### Records for the task

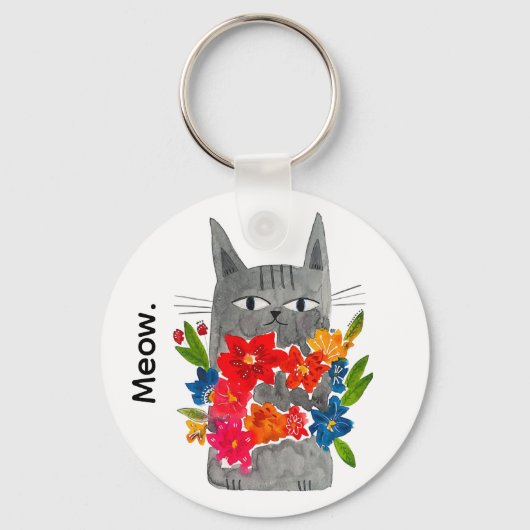 Bloem Kat Sleutelhanger (Voorkant)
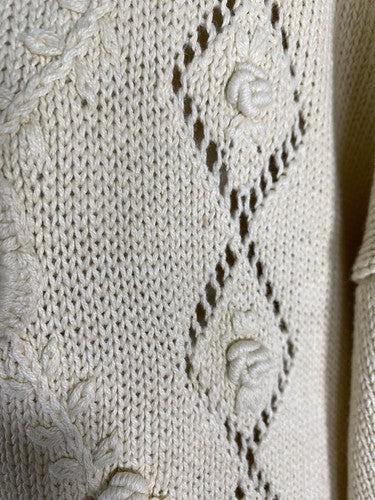 VTG By Design Essentials Ivory Pullover Oversized Cable Knit Sweater S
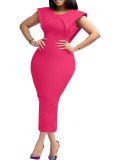 Women Summer Elegant Sleeveless Square Neck Zipper Maxi Dress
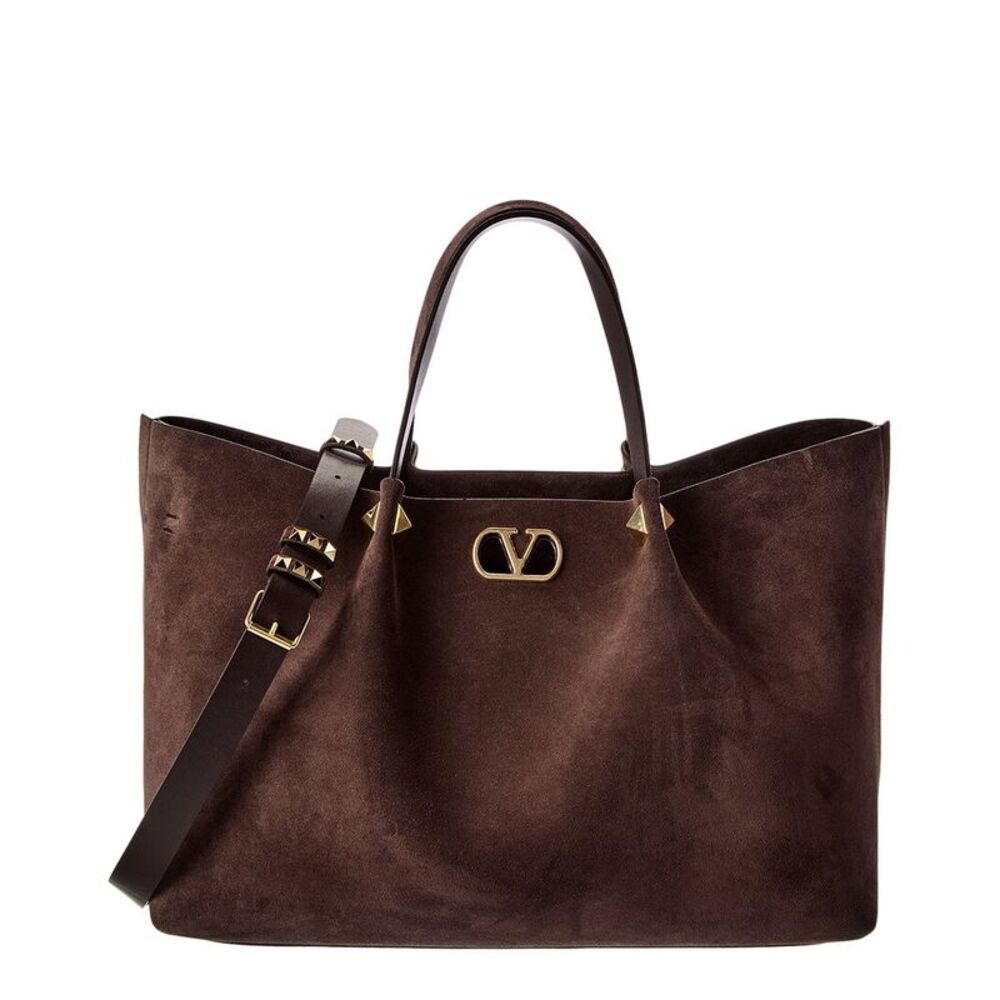 Valentino Vlogo Large Suede Tote, Brown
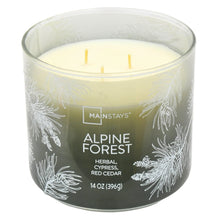 Cream three-wick scented candle in green ombre jar with Alpine Forest label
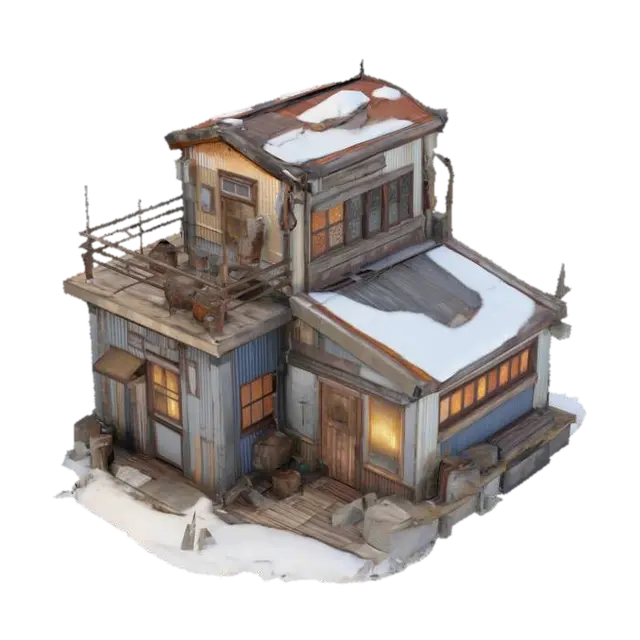 3D model for Winter Cabin Retreat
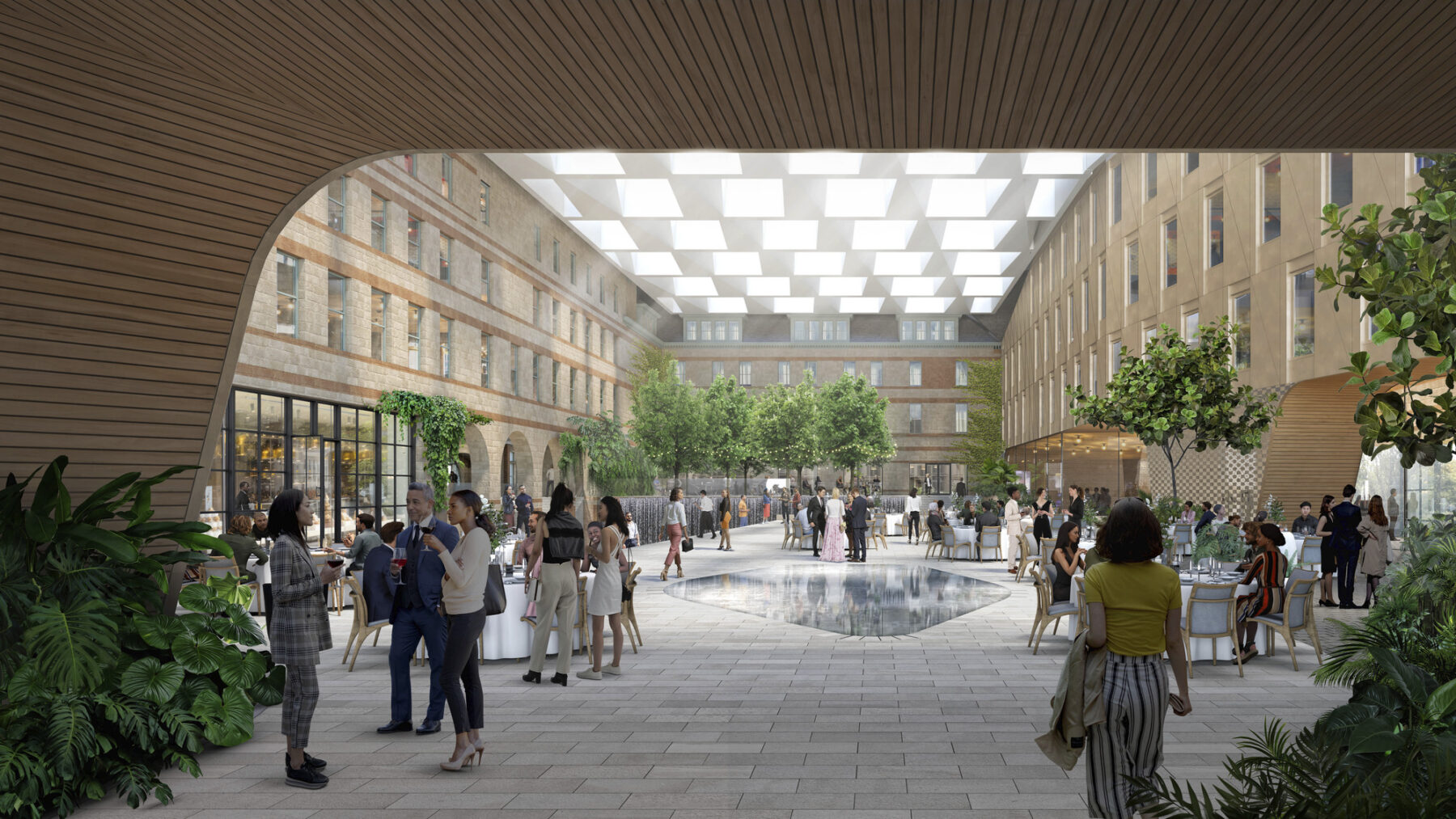 Rendering of the interior winter garden space inside the historic castle building
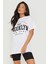 Blacksokak Kadın Beyaz Usa Brooklyn Göğüs Baskılı Oversize Bisiklet Yaka T-Shirt 3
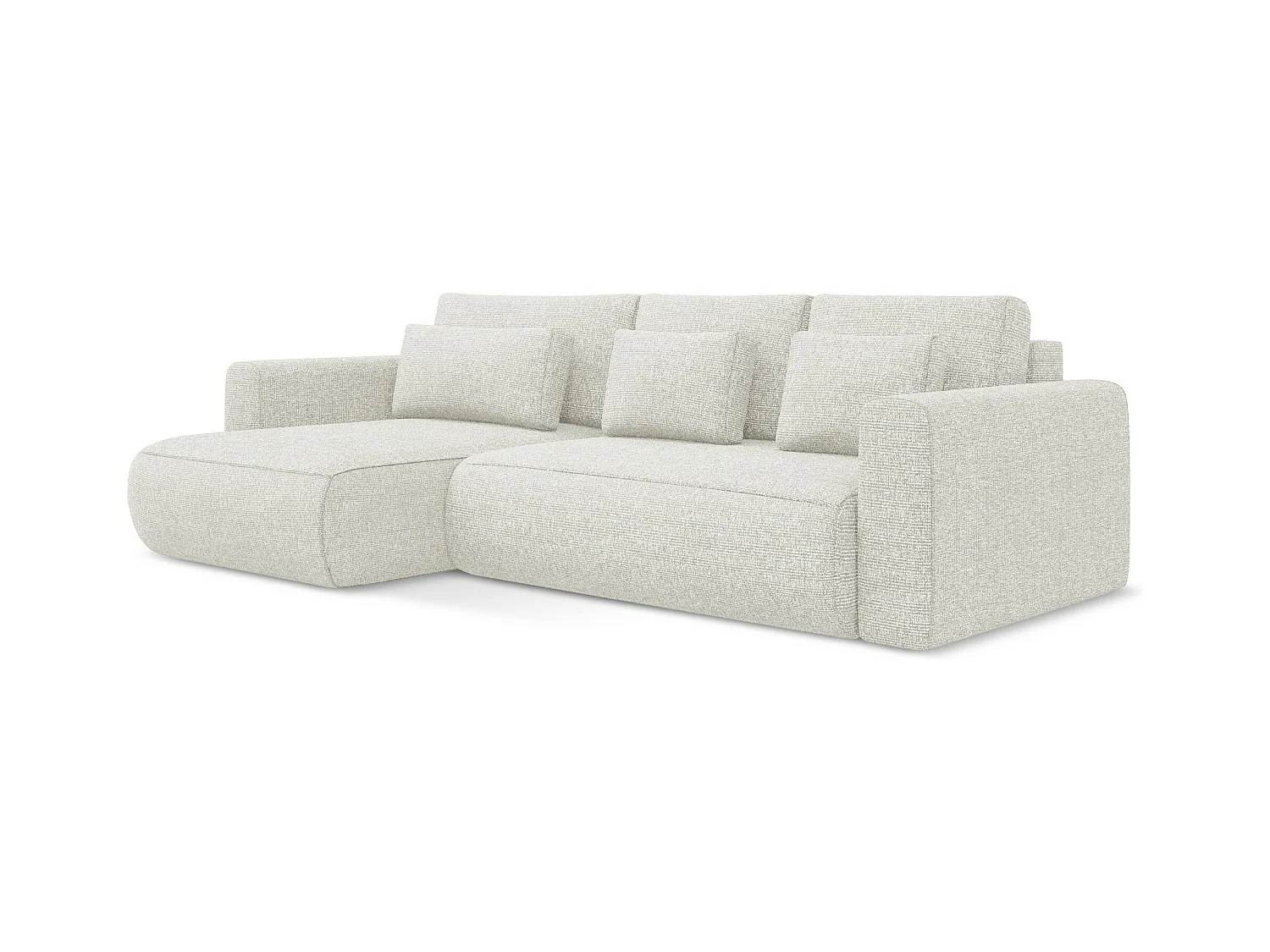 Canapé d’angle 3 places gauche convertible en tissu texturé - blanc beige - KAPUA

### Work instruction
Write out each line exactly, from the one containing "Valentino Vlogo Large Suede Tote, Brown" through the end of the entries, and skip the pictures.

### Output
 Valentino Vlogo Large Suede Tote, Brown
 Cream three-wick scented candle in green ombre jar with Alpine Forest label
 3D model for Winter Cabin Retreat
 Rendering of the interior winter garden space inside the historic castle building
 Blacksokak Kadın Beyaz Usa Brooklyn Göğüs Baskılı Oversize Bisiklet Yaka T-Shirt 3
 Canapé d’angle 3 places gauche convertible en tissu texturé - blanc beige - KAPUA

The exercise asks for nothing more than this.